■ TASK BRIEF:
Among the entries that follow, locate the line with "Justin Bieber Shows" and the line with "Rider Wool Zip". Output those lines and all lines in between, exactly, minus the pictures.

■ RECORDS SUPPLIED:
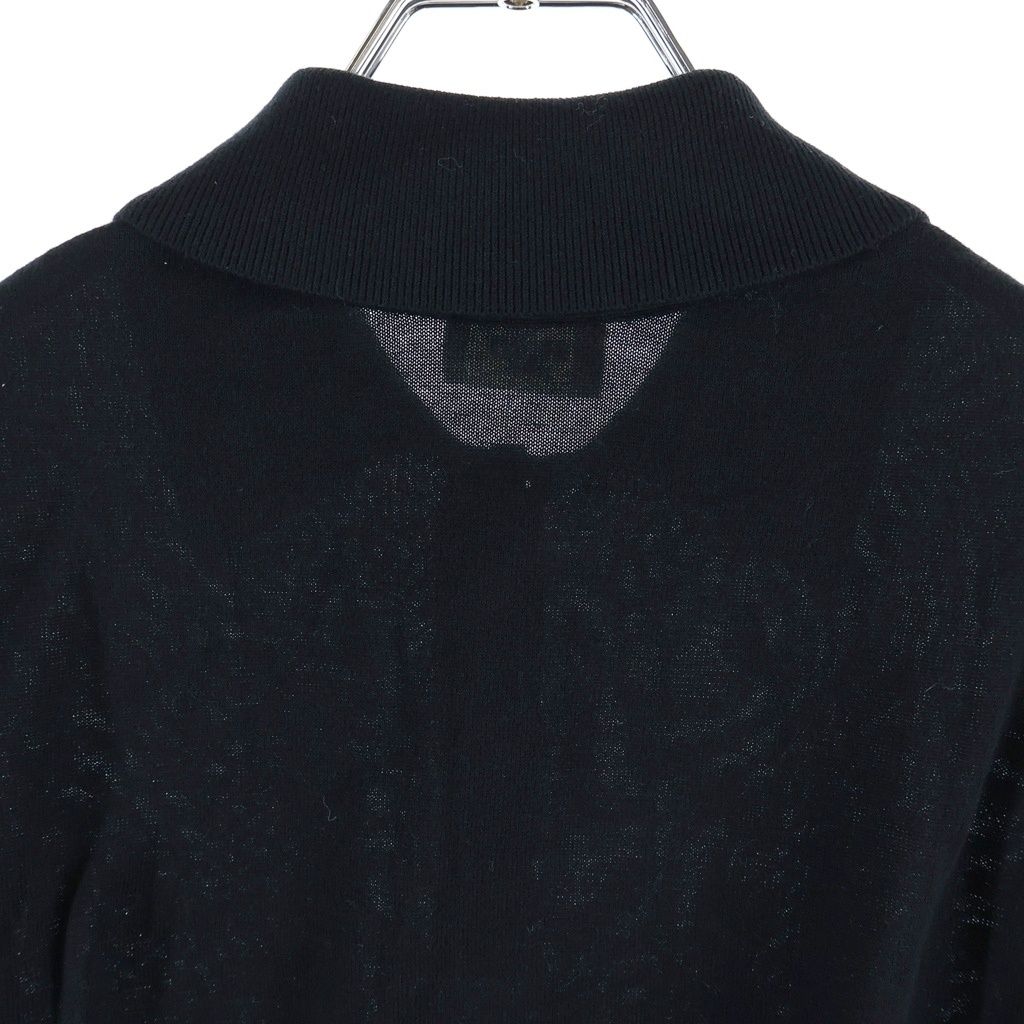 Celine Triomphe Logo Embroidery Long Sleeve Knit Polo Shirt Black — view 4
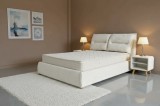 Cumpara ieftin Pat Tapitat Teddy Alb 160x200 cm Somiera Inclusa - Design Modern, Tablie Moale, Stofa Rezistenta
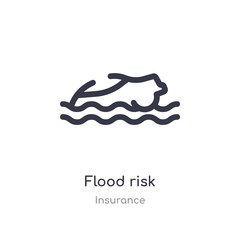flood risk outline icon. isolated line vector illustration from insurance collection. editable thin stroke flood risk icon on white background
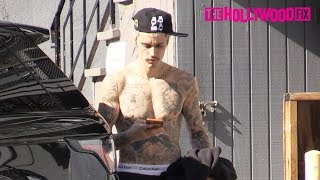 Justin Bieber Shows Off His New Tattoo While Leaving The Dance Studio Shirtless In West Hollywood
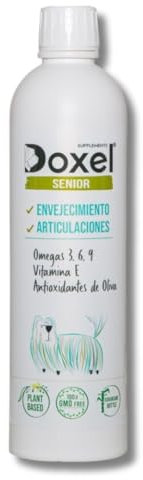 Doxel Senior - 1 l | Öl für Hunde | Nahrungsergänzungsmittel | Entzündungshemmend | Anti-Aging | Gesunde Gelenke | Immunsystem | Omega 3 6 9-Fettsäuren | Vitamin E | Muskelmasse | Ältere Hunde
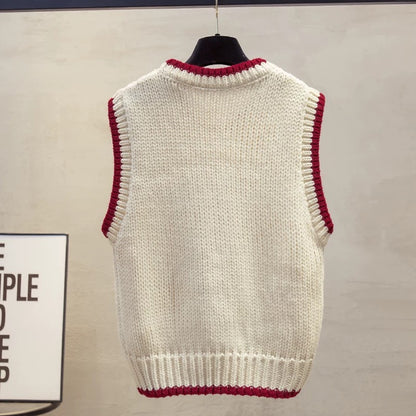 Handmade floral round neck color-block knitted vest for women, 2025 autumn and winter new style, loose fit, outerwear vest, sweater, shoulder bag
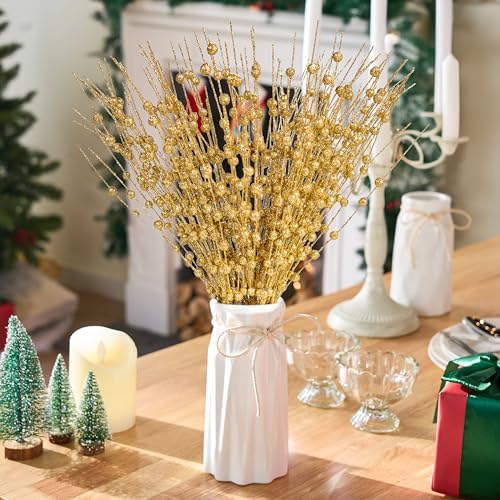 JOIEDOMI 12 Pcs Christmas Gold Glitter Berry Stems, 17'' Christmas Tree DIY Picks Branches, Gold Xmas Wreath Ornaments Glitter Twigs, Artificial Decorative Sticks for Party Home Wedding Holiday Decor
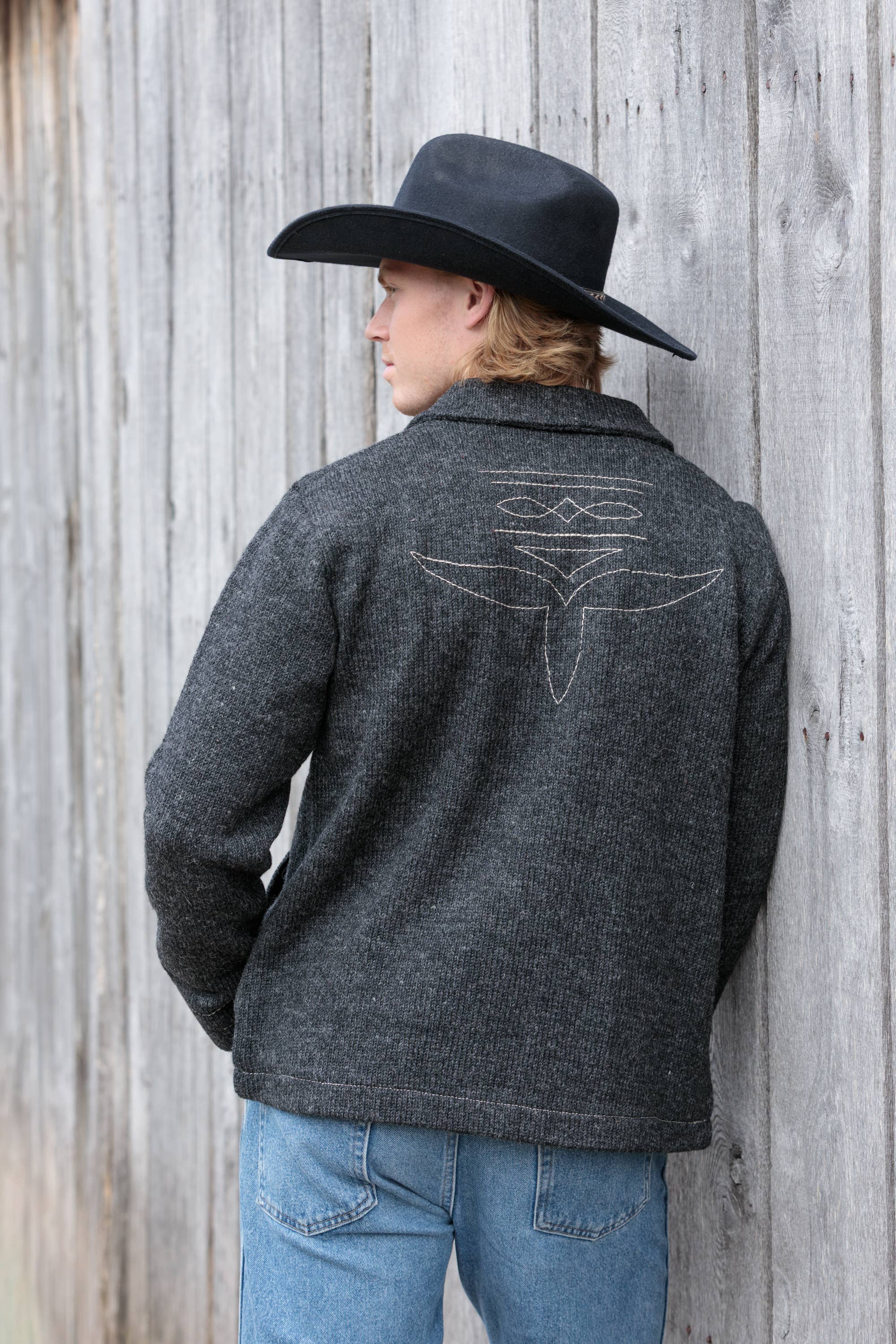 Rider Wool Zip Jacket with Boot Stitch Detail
==
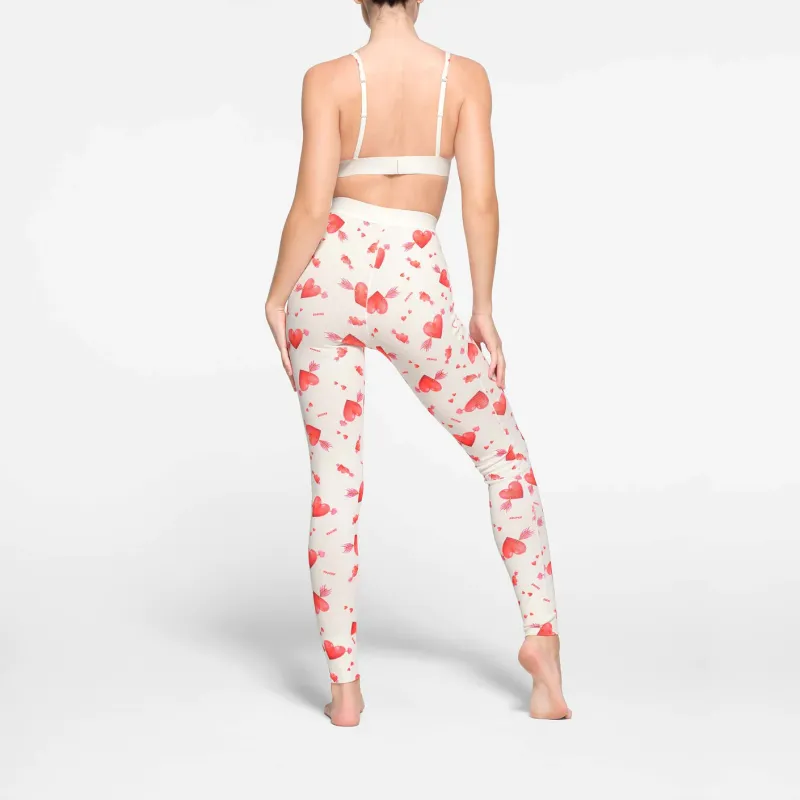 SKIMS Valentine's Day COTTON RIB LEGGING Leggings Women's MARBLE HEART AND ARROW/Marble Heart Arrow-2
...
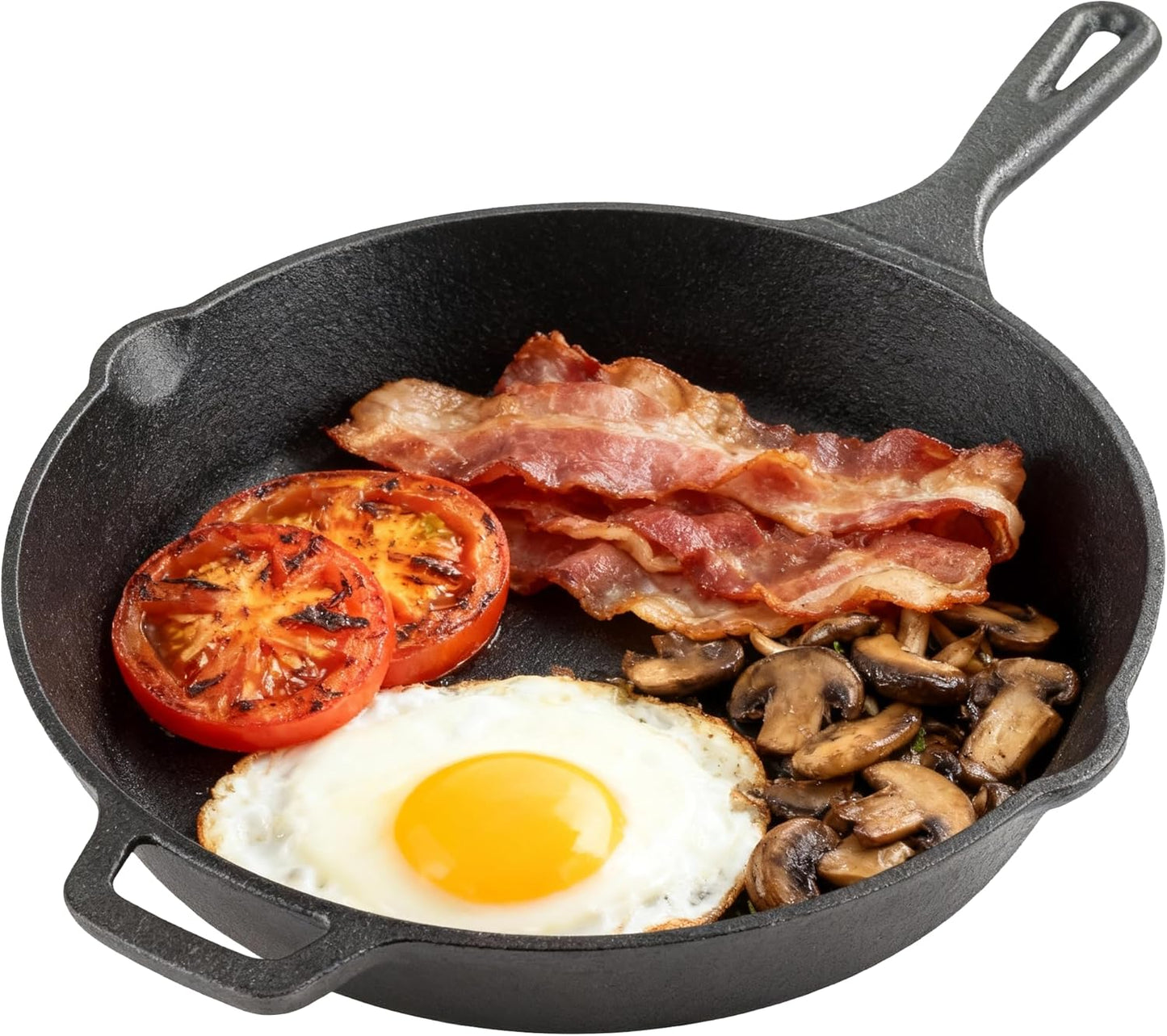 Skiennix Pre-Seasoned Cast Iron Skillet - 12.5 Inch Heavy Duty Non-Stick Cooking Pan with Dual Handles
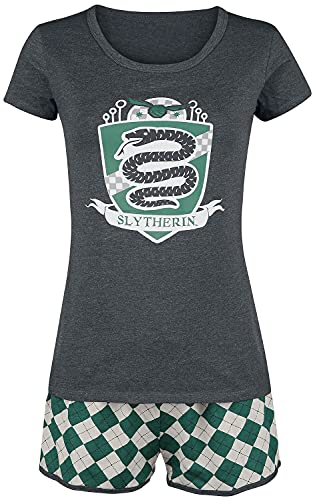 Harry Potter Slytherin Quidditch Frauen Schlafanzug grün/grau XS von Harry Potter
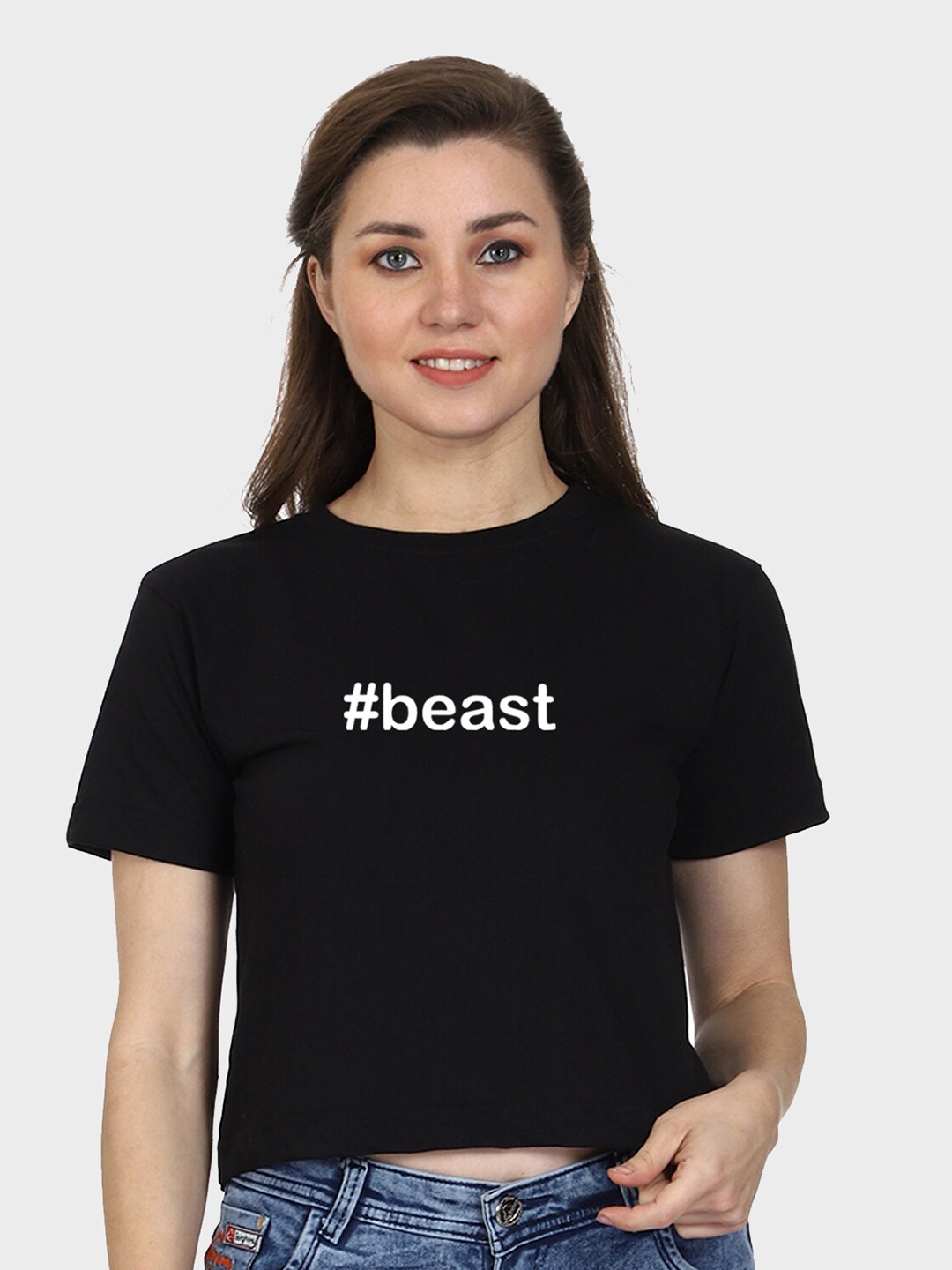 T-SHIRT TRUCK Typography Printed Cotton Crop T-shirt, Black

■ TASK OUTPUT:
 Justin Bieber Shows Off His New Tattoo While Leaving The Dance Studio Shirtless In West Hollywood
 Doxel Senior - 1 l | Öl für Hunde | Nahrungsergänzungsmittel | Entzündungshemmend | Anti-Aging | Gesunde Gelenke | Immunsystem | Omega 3 6 9-Fettsäuren | Vitamin E | Muskelmasse | Ältere Hunde
 Handmade floral round neck color-block knitted vest for women, 2025 autumn and winter new style, loose fit, outerwear vest, sweater, shoulder bag
 JOIEDOMI 12 Pcs Christmas Gold Glitter Berry Stems, 17'' Christmas Tree DIY Picks Branches, Gold Xmas Wreath Ornaments Glitter Twigs, Artificial Decorative Sticks for Party Home Wedding Holiday Decor
 Rider Wool Zip Jacket with Boot Stitch Detail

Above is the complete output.